» EXERCISE DESCRIPTION
From the line with "Pomoc Drogowa Laweta Holowanie Bytom Gondek" to the final line of the records, reproduce every line exactly and only those lines.

--- SUPPLIED MATERIAL Enclosed Below ---

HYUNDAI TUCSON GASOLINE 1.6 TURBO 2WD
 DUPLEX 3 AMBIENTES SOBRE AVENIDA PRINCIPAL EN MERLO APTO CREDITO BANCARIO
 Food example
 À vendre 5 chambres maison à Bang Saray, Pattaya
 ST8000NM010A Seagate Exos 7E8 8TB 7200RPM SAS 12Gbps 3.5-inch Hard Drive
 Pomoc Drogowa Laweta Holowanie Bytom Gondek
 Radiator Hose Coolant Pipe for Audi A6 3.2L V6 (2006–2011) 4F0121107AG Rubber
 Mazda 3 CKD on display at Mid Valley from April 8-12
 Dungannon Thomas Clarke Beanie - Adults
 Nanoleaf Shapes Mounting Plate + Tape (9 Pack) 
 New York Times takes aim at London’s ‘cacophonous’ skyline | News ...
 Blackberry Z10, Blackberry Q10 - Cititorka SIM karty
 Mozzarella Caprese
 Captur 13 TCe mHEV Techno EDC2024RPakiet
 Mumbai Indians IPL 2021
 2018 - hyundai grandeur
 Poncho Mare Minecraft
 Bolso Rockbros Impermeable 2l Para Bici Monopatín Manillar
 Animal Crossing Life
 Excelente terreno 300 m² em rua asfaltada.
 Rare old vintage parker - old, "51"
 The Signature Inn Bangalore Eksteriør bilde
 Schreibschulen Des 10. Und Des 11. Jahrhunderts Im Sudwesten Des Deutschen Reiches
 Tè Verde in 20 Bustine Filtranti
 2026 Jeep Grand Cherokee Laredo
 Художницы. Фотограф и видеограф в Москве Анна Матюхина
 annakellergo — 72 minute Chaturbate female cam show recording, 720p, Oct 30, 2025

--- End of Enclosed SUPPLIED MATERIAL ---

» YOUR RESPONSE
 Pomoc Drogowa Laweta Holowanie Bytom Gondek
 Radiator Hose Coolant Pipe for Audi A6 3.2L V6 (2006–2011) 4F0121107AG Rubber
 Mazda 3 CKD on display at Mid Valley from April 8-12
 Dungannon Thomas Clarke Beanie - Adults
 Nanoleaf Shapes Mounting Plate + Tape (9 Pack) 
 New York Times takes aim at London’s ‘cacophonous’ skyline | News ...
 Blackberry Z10, Blackberry Q10 - Cititorka SIM karty
 Mozzarella Caprese
 Captur 13 TCe mHEV Techno EDC2024RPakiet
 Mumbai Indians IPL 2021
 2018 - hyundai grandeur
 Poncho Mare Minecraft
 Bolso Rockbros Impermeable 2l Para Bici Monopatín Manillar
 Animal Crossing Life
 Excelente terreno 300 m² em rua asfaltada.
 Rare old vintage parker - old, "51"
 The Signature Inn Bangalore Eksteriør bilde
 Schreibschulen Des 10. Und Des 11. Jahrhunderts Im Sudwesten Des Deutschen Reiches
 Tè Verde in 20 Bustine Filtranti
 2026 Jeep Grand Cherokee Laredo
 Художницы. Фотограф и видеограф в Москве Анна Матюхина
 annakellergo — 72 minute Chaturbate female cam show recording, 720p, Oct 30, 2025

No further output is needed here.